## 1 - SetUp Environment

In [1]:
import numpy as np
import pandas as pd
import pickle

from google.colab import drive
drive.mount('/content/drive')

Mounted at /content/drive


## 2 - Load Dataframe

now we should load the dataframe that we saved in the previous section.

In [2]:
with open('/content/drive/MyDrive/Python/Regression/Assets/df(1.Final).pickle', 'rb') as file:
    df = pickle.load(file)

df.head(3)

Unnamed: 0,Year,Month,Week Day,Duration,Cost,Team Member,Height,Frequency,Signal Strength,Antenna Type,Orientation,Power Supply,Zone
0,2019,3,0,241.0,516773.0,12.0,24.0,Very Low Frequencies (VLF),3,Dielectric,Omni-directional,Solar-powered,North
1,2019,10,2,608.0,954888.0,22.0,42.0,Very Low Frequencies (VLF),3,Dielectric,Circular,Active,Center
2,2019,6,5,772.0,932640.0,14.0,43.0,Very High Frequencies (VHF),3,Printed Circuit Board (PCB),Horizontal,Active,Center


## 3 - Correlation Analysis

for analysin the correlation, we should consider the data type.
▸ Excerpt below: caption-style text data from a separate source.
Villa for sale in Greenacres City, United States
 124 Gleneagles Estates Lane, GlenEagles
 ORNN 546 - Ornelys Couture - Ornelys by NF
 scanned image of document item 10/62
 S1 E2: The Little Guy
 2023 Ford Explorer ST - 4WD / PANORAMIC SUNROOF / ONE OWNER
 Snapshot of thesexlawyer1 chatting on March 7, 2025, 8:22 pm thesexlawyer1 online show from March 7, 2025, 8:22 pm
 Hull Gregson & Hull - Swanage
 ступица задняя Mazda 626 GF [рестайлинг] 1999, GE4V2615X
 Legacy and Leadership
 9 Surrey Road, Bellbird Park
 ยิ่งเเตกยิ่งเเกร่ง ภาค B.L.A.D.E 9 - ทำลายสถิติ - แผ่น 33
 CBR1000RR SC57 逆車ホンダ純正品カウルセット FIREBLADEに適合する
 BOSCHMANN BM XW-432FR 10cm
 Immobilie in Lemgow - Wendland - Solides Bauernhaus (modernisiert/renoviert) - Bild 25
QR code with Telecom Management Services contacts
The target variable is cost that is numerical, and also we have other variables that are numerical and categorical. Based on the correlation rules:
*   Cost ~ Numerical variable : Pearson Correlation
*   Cost ~ Categorical variable : Anova Test

### 3.1 - Pearson Correlation

the numerical variables are (except target):
*   Duration
*   Team Member
*   Height

In [None]:
pearson_cor = df[['Cost' , 'Duration' , 'Team Member' , 'Height']].corr()

In [None]:
pearson_cor

Unnamed: 0,Cost,Duration,Team Member,Height
Cost,1.0,0.930659,-0.035774,-0.078127
Duration,0.930659,1.0,-0.029385,-0.069128
Team Member,-0.035774,-0.029385,1.0,0.021704
Height,-0.078127,-0.069128,0.021704,1.0


the dependent (target) variable is cost and other variabes are independent. so let's see the correlation score just for cost.

In [None]:
pearson_cor['Cost'].sort_values

<bound method Series.sort_values of Cost           1.000000
Duration       0.930659
Team Member   -0.035774
Height        -0.078127
Name: Cost, dtype: float64>

we can interpret the result of the table:
*   there is very strong relationship between Cost ~ Duration, and this relationship is positive
*   there are very weak relationships between Cost ~ Team Member & Height, and these relationships are negative.

### 3.2 - Anova Test

now we use Anova Test to determine if there is a significant difference between the means of all pairwise categorical variables combinations. the categorical variables are:
*   Year
*   Month
*   Week Day
*   Frequency
*   Signal Strength
*   Antenna Type
*   Orientation
*   Power Supply
*   Zone


the ANOVA test is looking for analysis the variance differeneces between all groups of a categorical variable. It uses the hyphothesis test to realize that, and it should be run for all categorizal variables to see whether they are important for project or not (in terms of predicting cost, in this project).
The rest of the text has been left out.